━━ Data for this exercise ━━

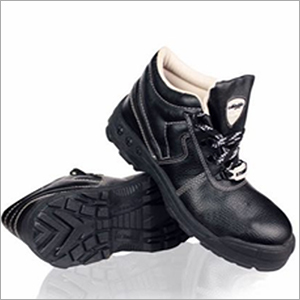 Industrial Safety Shoes - Leather Upper, Pvc Outsole | Black Color, Water And Heat Resistant, Comfortable Fit For Men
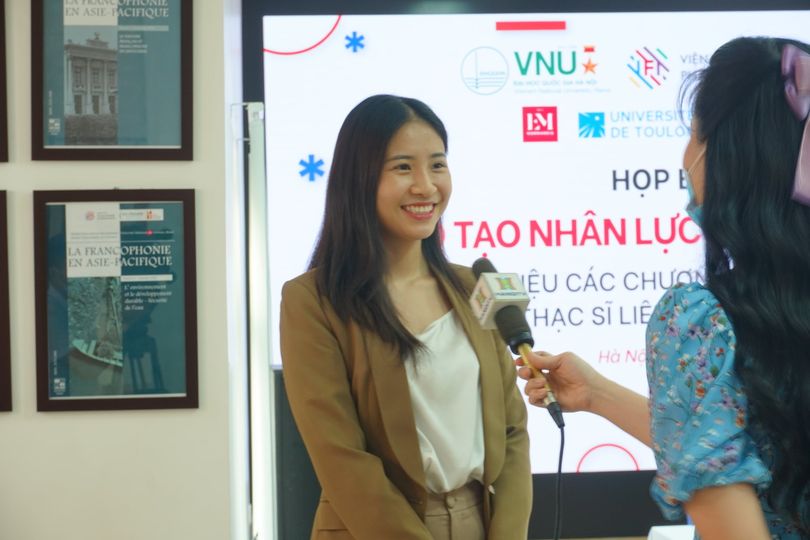 Triệu Nguyễn Huyền Trang, lớp trưởng Khóa 1 chương trình Thạc sĩ INFOCOM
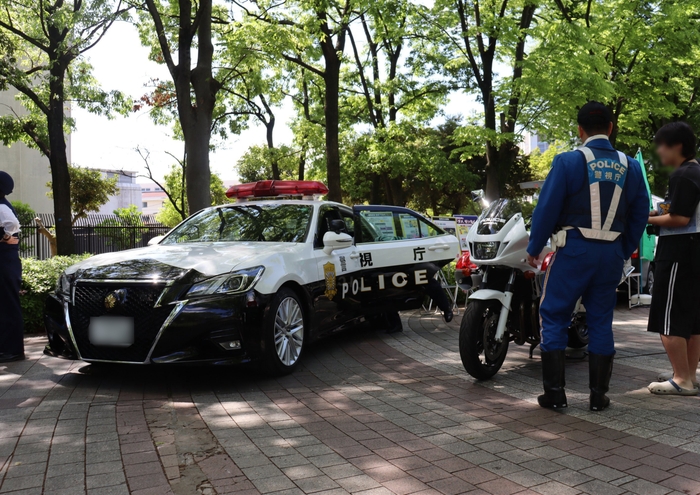 パトカー展示（過去の様子）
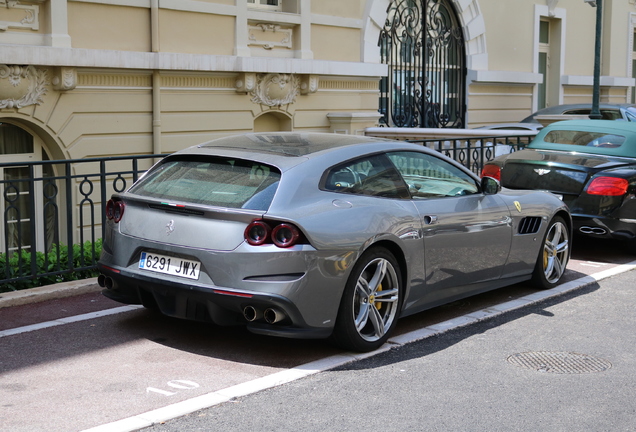 Ferrari GTC4Lusso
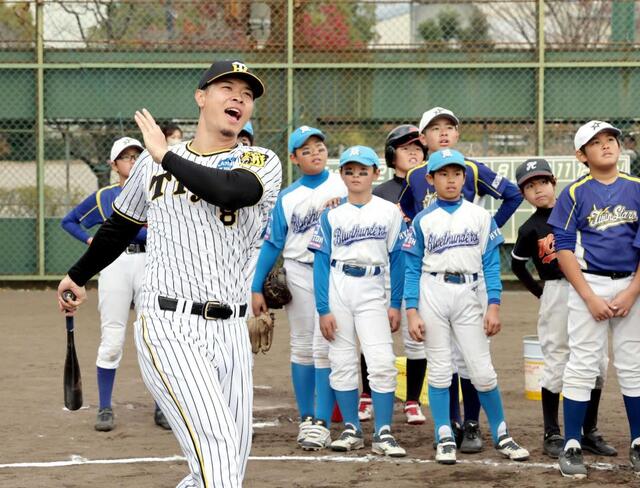 阪神・佐藤輝 甲子園でアーチ量産 子どもたちに夢届ける 浜風逆利用
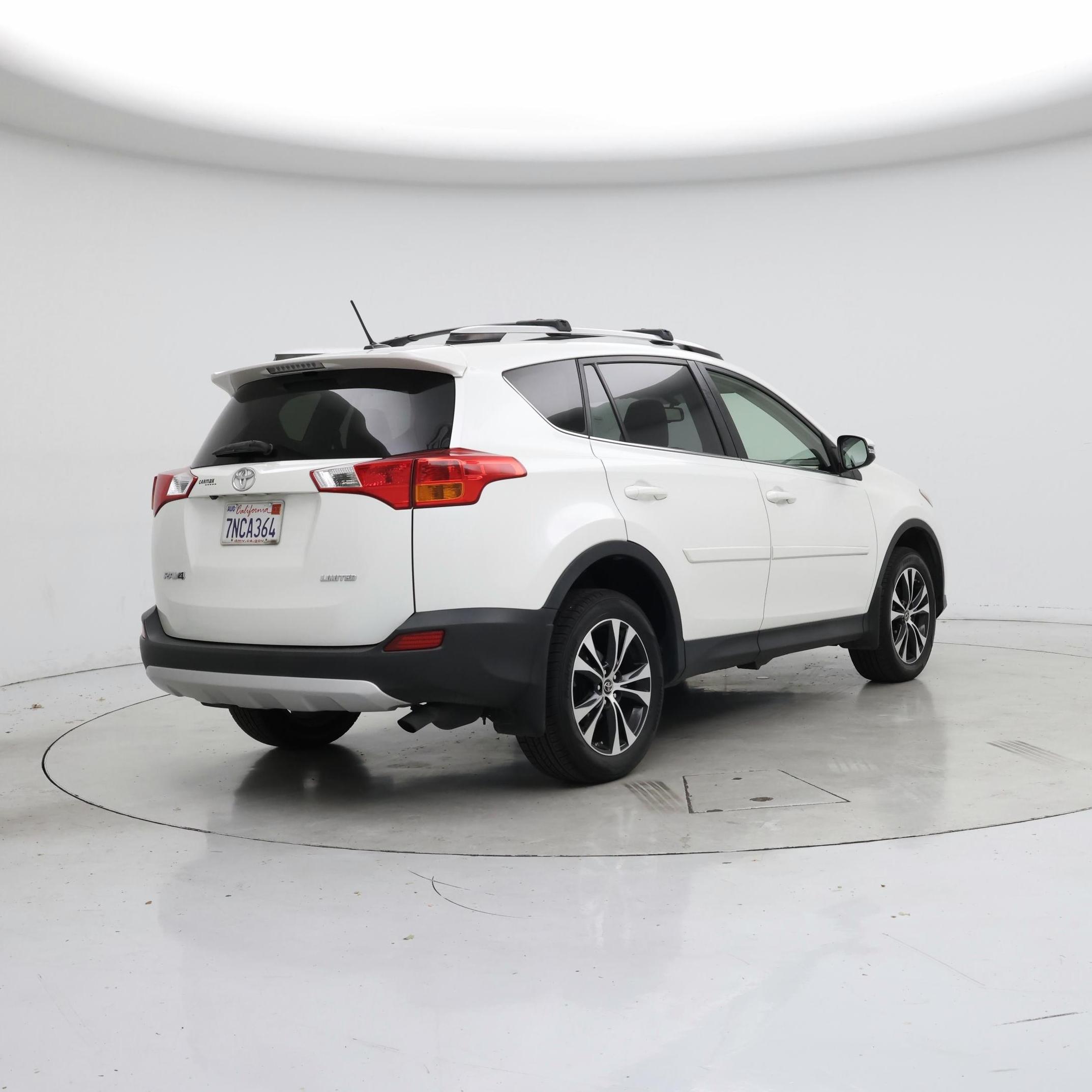 Thumbnail: 2015 Toyota RAV4 - 8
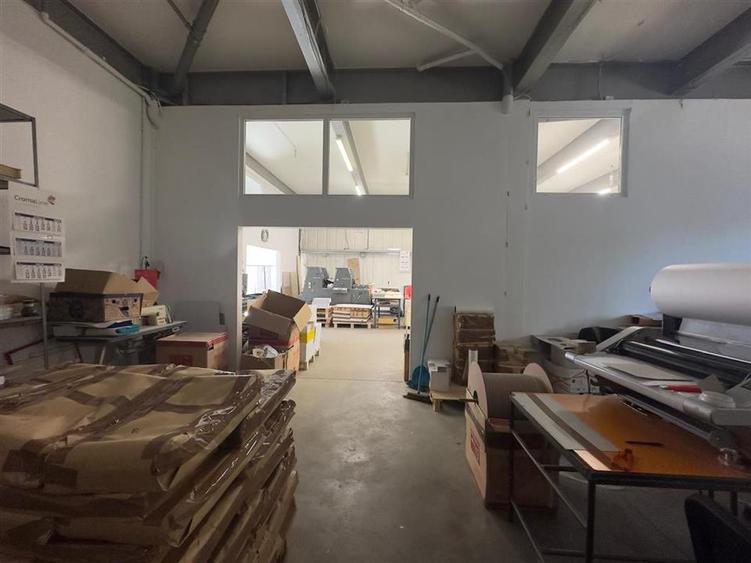 Spațiu industrial, de 187 mp, în Baza 3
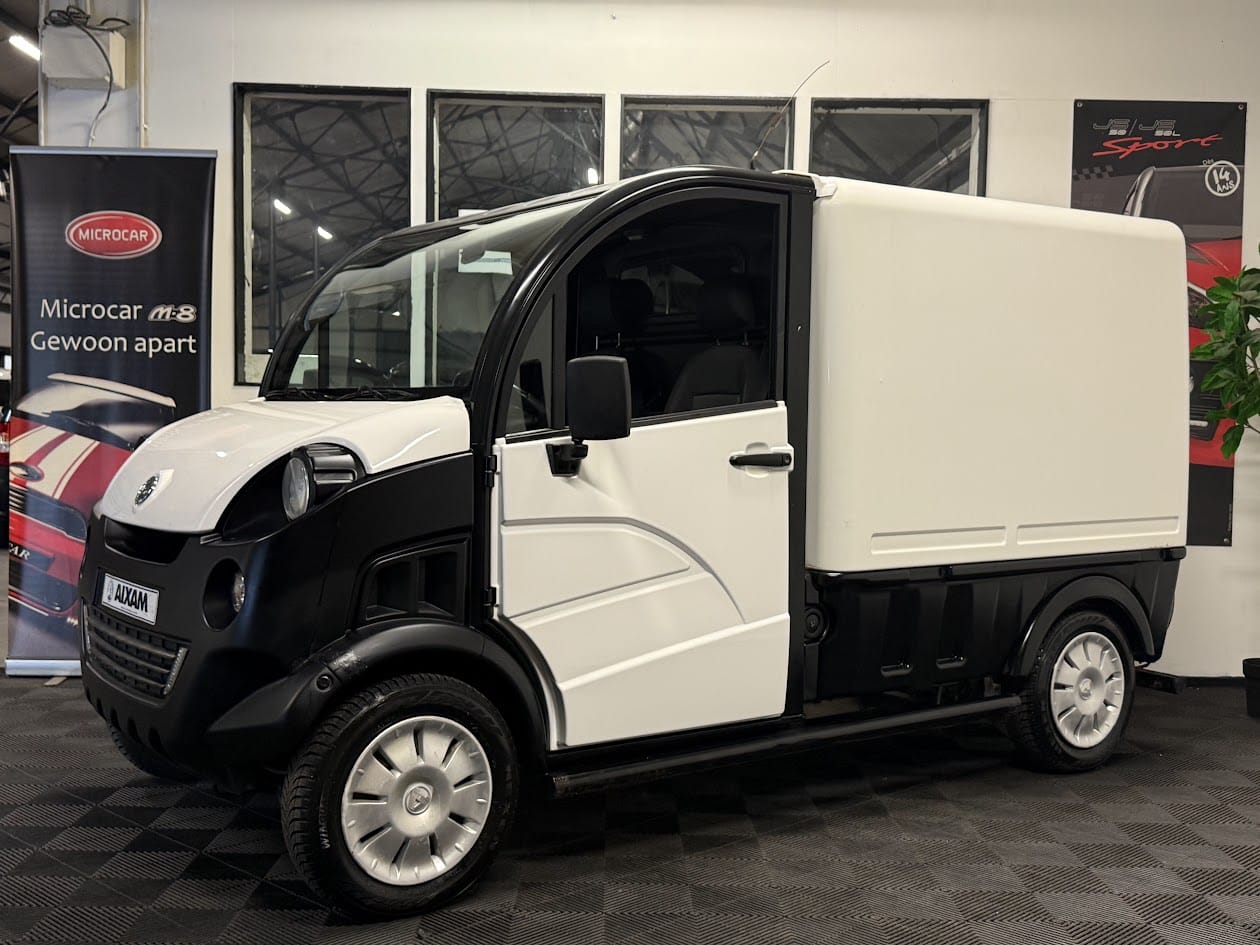 Aixam D-Truck 1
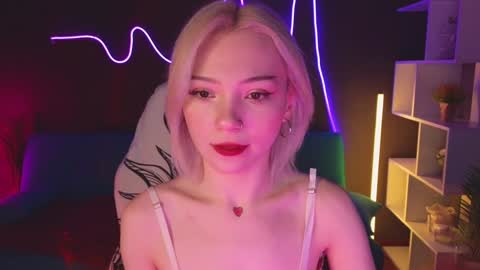 Sandy  online show from January 2025 01:09:02 AM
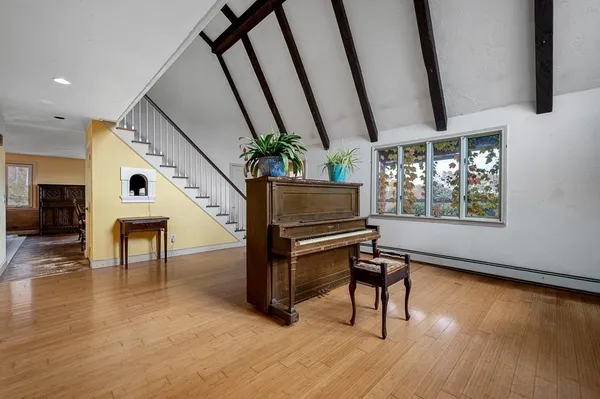 $579,000 | 231 Chamberlain Hill Road, Barre, MA 01005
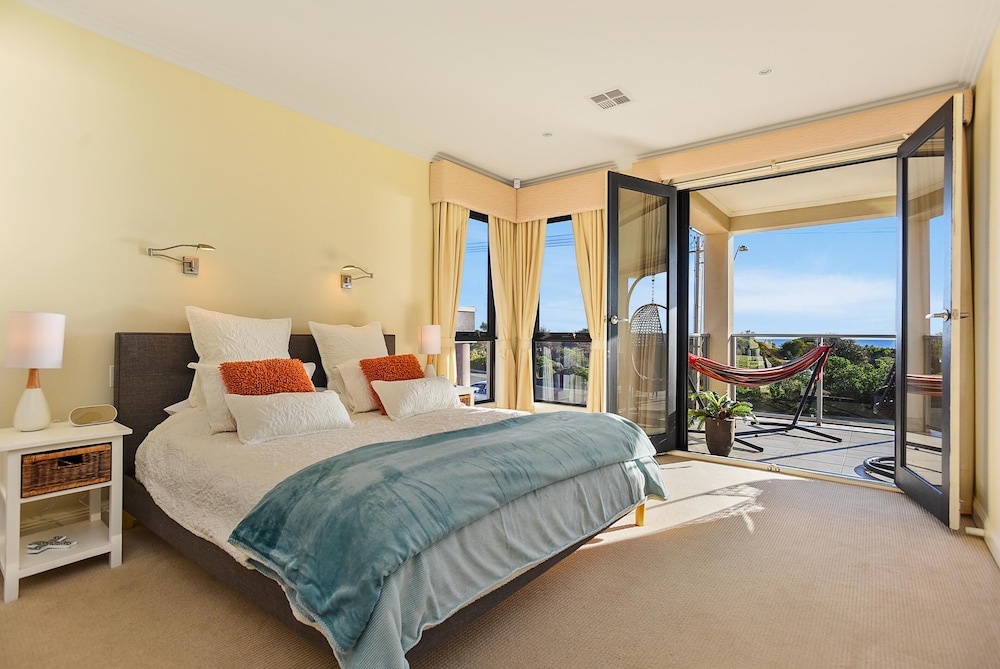 Ocean View Moana - Sumptuous Esplanade Home With Stunning Sea Views - Perfect For Entertaining - Adelaide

━━━

• [Activity] Type out the entries again without a single change, and leave the pictures out.

• [Result for this task]
 Industrial Safety Shoes - Leather Upper, Pvc Outsole | Black Color, Water And Heat Resistant, Comfortable Fit For Men
 Triệu Nguyễn Huyền Trang, lớp trưởng Khóa 1 chương trình Thạc sĩ INFOCOM
 パトカー展示（過去の様子）
 Ferrari GTC4Lusso
 阪神・佐藤輝 甲子園でアーチ量産 子どもたちに夢届ける 浜風逆利用
 Thumbnail: 2015 Toyota RAV4 - 8
 Spațiu industrial, de 187 mp, în Baza 3
 Aixam D-Truck 1
 Sandy  online show from January 2025 01:09:02 AM
 $579,000 | 231 Chamberlain Hill Road, Barre, MA 01005
 Ocean View Moana - Sumptuous Esplanade Home With Stunning Sea Views - Perfect For Entertaining - Adelaide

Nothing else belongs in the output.